TASK REQUIREMENTS:
Check each line of the material for the string "testing", and copy the lines that have it.

┌────────

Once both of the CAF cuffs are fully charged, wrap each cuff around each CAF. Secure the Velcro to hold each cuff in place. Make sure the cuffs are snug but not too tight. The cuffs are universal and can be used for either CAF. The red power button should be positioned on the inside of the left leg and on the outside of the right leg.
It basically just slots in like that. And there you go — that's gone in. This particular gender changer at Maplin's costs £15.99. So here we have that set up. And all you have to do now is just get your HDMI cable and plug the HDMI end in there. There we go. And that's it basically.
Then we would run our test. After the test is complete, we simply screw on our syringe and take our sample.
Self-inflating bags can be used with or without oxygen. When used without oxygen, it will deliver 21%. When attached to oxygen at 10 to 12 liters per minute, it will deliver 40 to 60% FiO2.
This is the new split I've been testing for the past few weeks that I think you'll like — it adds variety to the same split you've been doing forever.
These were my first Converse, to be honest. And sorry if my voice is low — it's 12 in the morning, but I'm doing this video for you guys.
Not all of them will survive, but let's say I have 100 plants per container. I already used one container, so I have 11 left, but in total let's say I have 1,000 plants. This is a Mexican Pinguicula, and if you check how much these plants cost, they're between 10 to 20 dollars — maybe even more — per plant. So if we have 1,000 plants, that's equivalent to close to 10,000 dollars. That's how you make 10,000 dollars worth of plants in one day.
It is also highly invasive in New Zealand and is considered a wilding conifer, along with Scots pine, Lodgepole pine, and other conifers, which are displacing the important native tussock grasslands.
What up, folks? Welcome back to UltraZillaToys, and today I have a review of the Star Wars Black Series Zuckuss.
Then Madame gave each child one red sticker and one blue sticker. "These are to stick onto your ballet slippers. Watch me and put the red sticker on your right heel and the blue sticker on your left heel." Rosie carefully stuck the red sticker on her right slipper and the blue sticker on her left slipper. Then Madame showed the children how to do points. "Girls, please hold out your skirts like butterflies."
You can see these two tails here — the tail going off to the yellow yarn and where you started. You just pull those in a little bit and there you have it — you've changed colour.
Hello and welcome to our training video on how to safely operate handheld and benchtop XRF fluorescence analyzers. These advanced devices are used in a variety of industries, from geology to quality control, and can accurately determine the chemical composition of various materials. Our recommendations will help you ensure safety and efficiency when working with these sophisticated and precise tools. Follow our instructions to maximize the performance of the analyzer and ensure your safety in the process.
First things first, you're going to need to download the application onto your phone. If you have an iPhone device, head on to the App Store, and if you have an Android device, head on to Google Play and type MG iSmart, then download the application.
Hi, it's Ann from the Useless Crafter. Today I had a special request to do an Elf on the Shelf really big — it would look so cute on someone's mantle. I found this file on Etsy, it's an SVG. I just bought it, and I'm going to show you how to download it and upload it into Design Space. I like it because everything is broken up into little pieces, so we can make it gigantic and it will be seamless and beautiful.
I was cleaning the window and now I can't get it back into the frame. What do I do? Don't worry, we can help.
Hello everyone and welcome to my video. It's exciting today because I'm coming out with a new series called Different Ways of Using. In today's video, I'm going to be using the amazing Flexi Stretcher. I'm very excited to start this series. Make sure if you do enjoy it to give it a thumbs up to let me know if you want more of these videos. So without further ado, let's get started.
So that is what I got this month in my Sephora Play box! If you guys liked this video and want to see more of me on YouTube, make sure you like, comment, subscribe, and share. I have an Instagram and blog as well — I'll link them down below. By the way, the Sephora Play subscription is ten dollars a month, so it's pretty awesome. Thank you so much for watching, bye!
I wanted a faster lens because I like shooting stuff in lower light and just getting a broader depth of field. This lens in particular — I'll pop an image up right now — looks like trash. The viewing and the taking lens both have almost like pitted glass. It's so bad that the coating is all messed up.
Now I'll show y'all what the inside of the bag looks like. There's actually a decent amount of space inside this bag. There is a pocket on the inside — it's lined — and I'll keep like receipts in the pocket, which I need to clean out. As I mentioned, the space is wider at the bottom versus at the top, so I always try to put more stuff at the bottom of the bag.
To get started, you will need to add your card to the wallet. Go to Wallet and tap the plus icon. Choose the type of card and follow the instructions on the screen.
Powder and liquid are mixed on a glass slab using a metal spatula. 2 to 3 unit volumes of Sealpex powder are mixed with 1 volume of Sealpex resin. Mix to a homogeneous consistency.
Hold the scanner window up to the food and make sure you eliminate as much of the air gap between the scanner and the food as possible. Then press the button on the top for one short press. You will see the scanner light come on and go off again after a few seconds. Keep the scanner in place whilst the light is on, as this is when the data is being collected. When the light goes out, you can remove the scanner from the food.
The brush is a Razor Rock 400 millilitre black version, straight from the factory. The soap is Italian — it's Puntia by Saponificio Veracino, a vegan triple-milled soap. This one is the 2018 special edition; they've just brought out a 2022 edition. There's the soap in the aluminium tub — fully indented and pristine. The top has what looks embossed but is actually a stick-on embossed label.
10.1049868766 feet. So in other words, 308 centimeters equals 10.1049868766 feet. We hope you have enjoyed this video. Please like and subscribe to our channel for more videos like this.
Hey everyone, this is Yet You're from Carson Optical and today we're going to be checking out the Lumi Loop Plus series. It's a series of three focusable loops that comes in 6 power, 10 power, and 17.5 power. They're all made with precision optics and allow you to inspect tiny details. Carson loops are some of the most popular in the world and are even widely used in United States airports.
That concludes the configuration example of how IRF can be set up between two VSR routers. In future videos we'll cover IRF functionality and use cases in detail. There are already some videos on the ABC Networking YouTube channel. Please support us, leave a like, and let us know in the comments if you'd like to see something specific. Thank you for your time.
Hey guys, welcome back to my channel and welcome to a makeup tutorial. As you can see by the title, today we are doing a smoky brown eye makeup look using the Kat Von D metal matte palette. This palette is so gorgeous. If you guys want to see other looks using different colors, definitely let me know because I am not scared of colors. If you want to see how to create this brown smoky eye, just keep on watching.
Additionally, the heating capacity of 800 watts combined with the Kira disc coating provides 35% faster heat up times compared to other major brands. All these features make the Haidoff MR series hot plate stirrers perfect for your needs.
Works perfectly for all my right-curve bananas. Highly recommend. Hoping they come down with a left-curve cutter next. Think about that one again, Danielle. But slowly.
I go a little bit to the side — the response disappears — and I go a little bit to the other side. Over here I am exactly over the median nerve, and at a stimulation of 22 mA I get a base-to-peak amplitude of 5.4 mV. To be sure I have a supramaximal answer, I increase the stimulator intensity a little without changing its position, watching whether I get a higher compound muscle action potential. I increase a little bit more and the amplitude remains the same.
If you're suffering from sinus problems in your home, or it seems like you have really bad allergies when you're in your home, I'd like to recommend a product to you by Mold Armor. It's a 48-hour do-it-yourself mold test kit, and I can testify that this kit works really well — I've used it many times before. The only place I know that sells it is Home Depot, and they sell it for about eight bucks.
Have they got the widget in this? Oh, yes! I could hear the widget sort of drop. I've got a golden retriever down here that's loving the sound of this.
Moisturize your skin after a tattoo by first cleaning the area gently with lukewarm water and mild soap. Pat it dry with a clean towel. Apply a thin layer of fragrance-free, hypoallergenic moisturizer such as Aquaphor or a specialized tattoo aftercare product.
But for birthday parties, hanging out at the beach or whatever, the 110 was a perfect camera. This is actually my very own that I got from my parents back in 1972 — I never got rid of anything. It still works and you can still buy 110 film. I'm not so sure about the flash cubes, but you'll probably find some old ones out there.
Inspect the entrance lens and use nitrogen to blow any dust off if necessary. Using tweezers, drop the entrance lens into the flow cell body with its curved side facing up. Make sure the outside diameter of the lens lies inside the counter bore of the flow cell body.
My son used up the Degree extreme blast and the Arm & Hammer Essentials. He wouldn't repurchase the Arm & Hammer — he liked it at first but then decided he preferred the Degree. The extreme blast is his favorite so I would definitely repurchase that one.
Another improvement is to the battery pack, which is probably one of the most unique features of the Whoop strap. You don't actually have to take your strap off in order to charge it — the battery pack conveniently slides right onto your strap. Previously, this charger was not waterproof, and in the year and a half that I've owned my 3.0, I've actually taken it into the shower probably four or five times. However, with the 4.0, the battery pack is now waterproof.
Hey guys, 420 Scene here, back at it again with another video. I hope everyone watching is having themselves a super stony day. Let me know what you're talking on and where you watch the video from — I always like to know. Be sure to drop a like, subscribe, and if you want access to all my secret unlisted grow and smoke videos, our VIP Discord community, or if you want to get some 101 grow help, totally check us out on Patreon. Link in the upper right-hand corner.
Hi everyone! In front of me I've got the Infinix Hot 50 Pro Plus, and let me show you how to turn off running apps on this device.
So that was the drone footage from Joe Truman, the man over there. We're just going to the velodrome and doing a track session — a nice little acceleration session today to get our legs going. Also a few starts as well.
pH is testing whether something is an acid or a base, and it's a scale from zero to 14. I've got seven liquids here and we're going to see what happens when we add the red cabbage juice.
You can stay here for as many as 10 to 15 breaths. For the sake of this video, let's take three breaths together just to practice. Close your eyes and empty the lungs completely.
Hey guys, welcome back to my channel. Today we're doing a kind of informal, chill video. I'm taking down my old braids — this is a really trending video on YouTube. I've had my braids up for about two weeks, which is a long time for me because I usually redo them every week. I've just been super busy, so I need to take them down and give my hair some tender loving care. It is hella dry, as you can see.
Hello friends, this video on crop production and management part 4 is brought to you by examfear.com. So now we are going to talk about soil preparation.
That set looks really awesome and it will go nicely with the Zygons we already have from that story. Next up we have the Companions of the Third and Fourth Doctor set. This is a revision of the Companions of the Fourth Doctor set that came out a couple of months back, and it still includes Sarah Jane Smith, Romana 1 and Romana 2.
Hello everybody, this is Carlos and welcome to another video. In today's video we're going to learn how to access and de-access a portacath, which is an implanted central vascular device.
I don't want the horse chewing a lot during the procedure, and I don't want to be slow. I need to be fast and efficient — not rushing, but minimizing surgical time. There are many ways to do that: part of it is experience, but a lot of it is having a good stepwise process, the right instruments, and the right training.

└────────

YOUR SOLUTION:
This is the new split I've been testing for the past few weeks that I think you'll like — it adds variety to the same split you've been doing forever.
pH is testing whether something is an acid or a base, and it's a scale from zero to 14. I've got seven liquids here and we're going to see what happens when we add the red cabbage juice.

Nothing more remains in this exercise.